The R5 was my favourite drop in until I borrowed a Thrunite catapult V3 XM-L that blew me away, when I saw DX and SF were doing cheapish XM-L drop ins I bought a couple, now slowly I'm being converted. The R5 does have more throw due to a more intense hotspot, but the amout of light coming out of an XM-L just won me over. There was a good thread about XM-L vs R5 here the vids in post #9 sums it up pretty well. I wouldn't be dissapointed with either drop in, and it depends on your usage -long range spotting or medium range light up everything. 
thanks for the lead on the pocket clip, I feel more spending coming on


----------



## old4570 (Jul 14, 2011)

*Re: Solarforce L2T - latest in the L2 series*

Hmm Throw ? 

By best R5 is the Tustfire T2 , some 9500+ Lux at 1meter 

But a few of my XM-L 's go over that , and give 10,000+Lux at 1meter ..

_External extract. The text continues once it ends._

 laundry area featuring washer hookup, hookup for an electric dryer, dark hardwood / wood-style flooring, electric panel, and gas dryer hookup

Now the hotspot vanishes at range with the XM-L much faster than the XP-G , but I still find the throw to be quite good with the XM-L 
Its just harder to notice since the XM-L lights up so much in front of you ...


----------



## palimpsest (Jul 16, 2011)

*Re: Solarforce L2T - latest in the L2 series*





The Drop-in module recesses "a lot" in every L2 models and the bezel on the L2T cuts even more spill. Stupid bezel = less light.


----------



## spexmaniac (Jul 16, 2011)

*Re: Solarforce L2T - latest in the L2 series*



old4570 said:


> Hmm Throw ?
> 
> By best R5 is the Tustfire T2 , some 9500+ Lux at 1meter
> 
> ...


 
That's probably a much better way of saying what I meant


----------



## old4570 (Jul 18, 2011)

*Re: Solarforce L2T - latest in the L2 series*

Yes , I ordered another L2T + flat SS bezel for more light output ...

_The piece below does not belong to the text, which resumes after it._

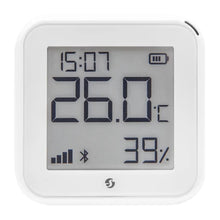 Shelly HT Gen 3 termometer og hygrometer hvid, kvadratisk LCD-display med tid, temperatur, luftfugtighed, batteri og signal.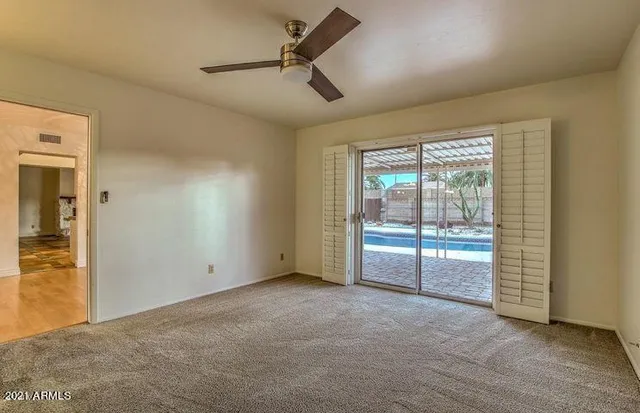 a bathroom with a sink vanity and mirror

The extended bezels can easily block 100 Lumen or more because the spill is brighter with the XM-L , Using a different host with a XM-L drop in that offers next to no bezel block , I get over 900L output without having to push the emitter hard . I would really like to see a trend towards less bezel block in P60 hosts , Im so over the so called defensive bezel . Ive started grinding them down flat .


----------



## recDNA (Jul 18, 2011)

*Re: Solarforce L2T - latest in the L2 series*



old4570 said:


> Yes , I ordered another L2T + flat SS bezel for more light output ...
> 
> The extended bezels can easily block 100 Lumen or more because the spill is brighter with the XM-L , Using a different host with a XM-L drop in that offers next to no bezel block , I get over 900L output without having to push the emitter hard . I would really like to see a trend towards less bezel block in P60 hosts , Im so over the so called defensive bezel . Ive started grinding them down flat .



Is there a picture of it with the flat bezel?


----------



## Dsoto87 (Jul 18, 2011)

You mean this bezel?

http://img853.imageshack.us/i/imag0074x.jpg/


----------



## CM2010 (Jul 19, 2011)

*Re: New Solarforce host - L2T ** Review see post #41***

Got mine earlier with a new bezel and tailstand,loving it:


----------



## old4570 (Jul 24, 2011)

*Re: Solarforce L2T - latest in the L2 series*

Oh dear ! - I just ordered my 3rd L2T the other day ...

My 2nd one has the flat SS bezel , + I built a low current XM-L 3 mode pill , which is just wonderful . 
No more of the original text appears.